Leitsatz (amtlich)
1. § 79 Abs. 2 Satz 4 VBLS n.F. ist dahin auszulegen, dass die Voraussetzungen für die entsprechende Anwendung des § 79 Abs. 2 Sätze 1 bis 3 VBLS n.F. - abgesehen von dem Erfordernis der Vollendung des 60. Lebensjahrs - am Stichtag (31.12.2001) selbst erfüllt sein müssen.

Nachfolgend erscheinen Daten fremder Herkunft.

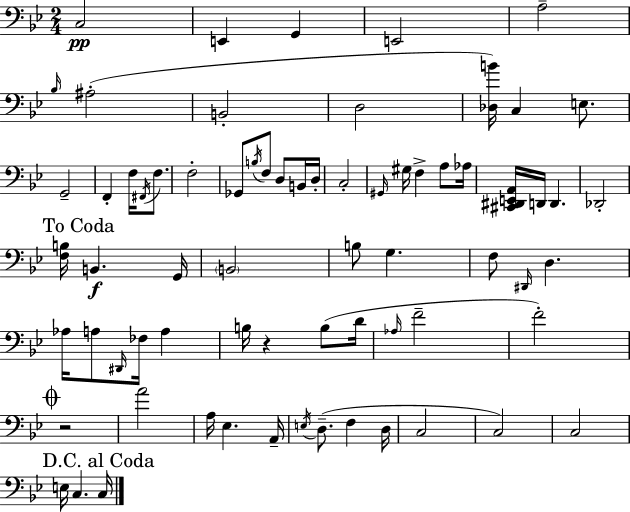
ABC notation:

X:1
T:Untitled
M:2/4
L:1/4
K:Bb
C,2 E,, G,, E,,2 A,2 _B,/4 ^A,2 B,,2 D,2 [_D,B]/4 C, E,/2 G,,2 F,, F,/4 ^F,,/4 F,/2 F,2 _G,,/2 B,/4 F,/2 D,/2 B,,/4 D,/4 C,2 ^G,,/4 ^G,/4 F, A,/2 _A,/4 [^C,,^D,,E,,A,,]/4 D,,/4 D,, _D,,2 [F,B,]/4 B,, G,,/4 B,,2 B,/2 G, F,/2 ^D,,/4 D, _A,/4 A,/2 ^D,,/4 _F,/4 A, B,/4 z B,/2 D/4 _A,/4 F2 F2 z2 A2 A,/4 _E, A,,/4 E,/4 D,/2 F, D,/4 C,2 C,2 C,2 E,/4 C, C,/4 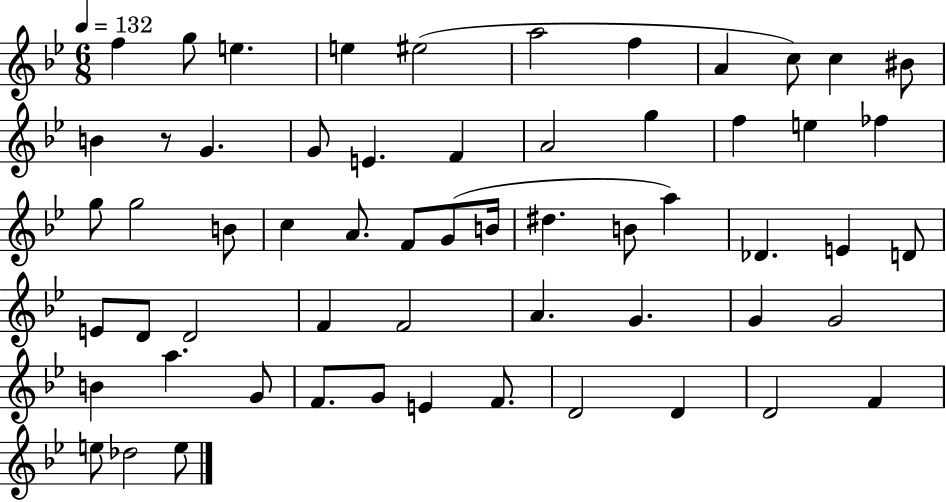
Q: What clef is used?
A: treble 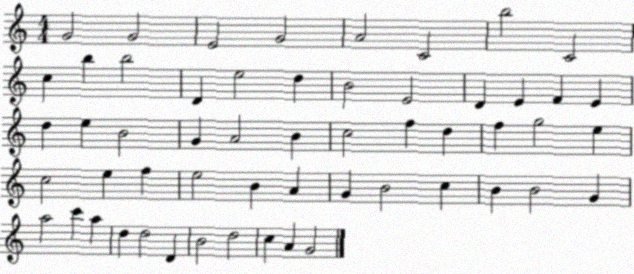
X:1
T:Untitled
M:4/4
L:1/4
K:C
G2 G2 E2 G2 A2 C2 b2 C2 c b b2 D e2 d B2 E2 D E F E d e B2 G A2 B c2 f d f g2 e c2 e f e2 B A G B2 c B B2 G a2 c' a d d2 D B2 d2 c A G2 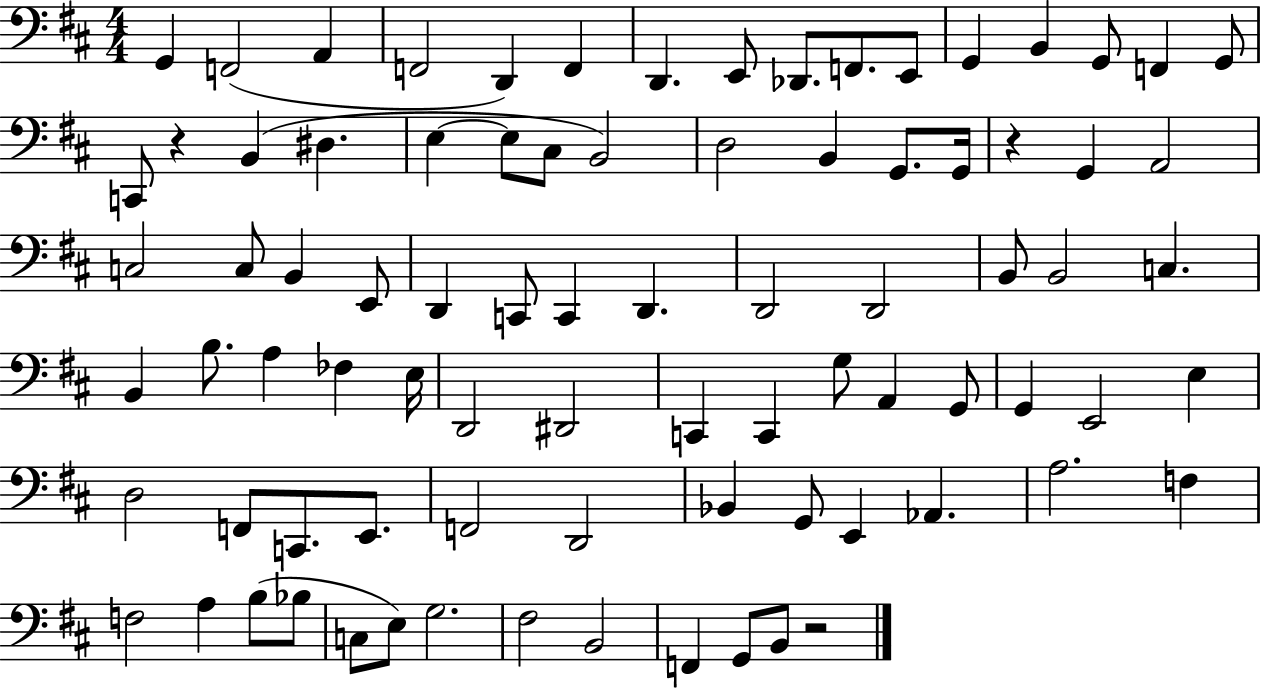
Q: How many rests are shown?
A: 3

Erst zu einem späteren Zeitpunkt wirksam werdende Änderungen im Sozialversicherungsrecht führen damit grundsätzlich ebenso wenig zur Anwendung der Vorschrift wie der Umstand, dass ein Versicherter zu einem späteren Zeitpunkt von der Möglichkeit einer freiwilligen Beitragsnachzahlung Gebrauch gemacht hat und die Anspruchsvoraussetzungen auf eine Rente für schwerbehinderte Menschen erfüllt hätte, wenn die Beitragsnachzahlung vor dem Stichtag erfolgt wäre.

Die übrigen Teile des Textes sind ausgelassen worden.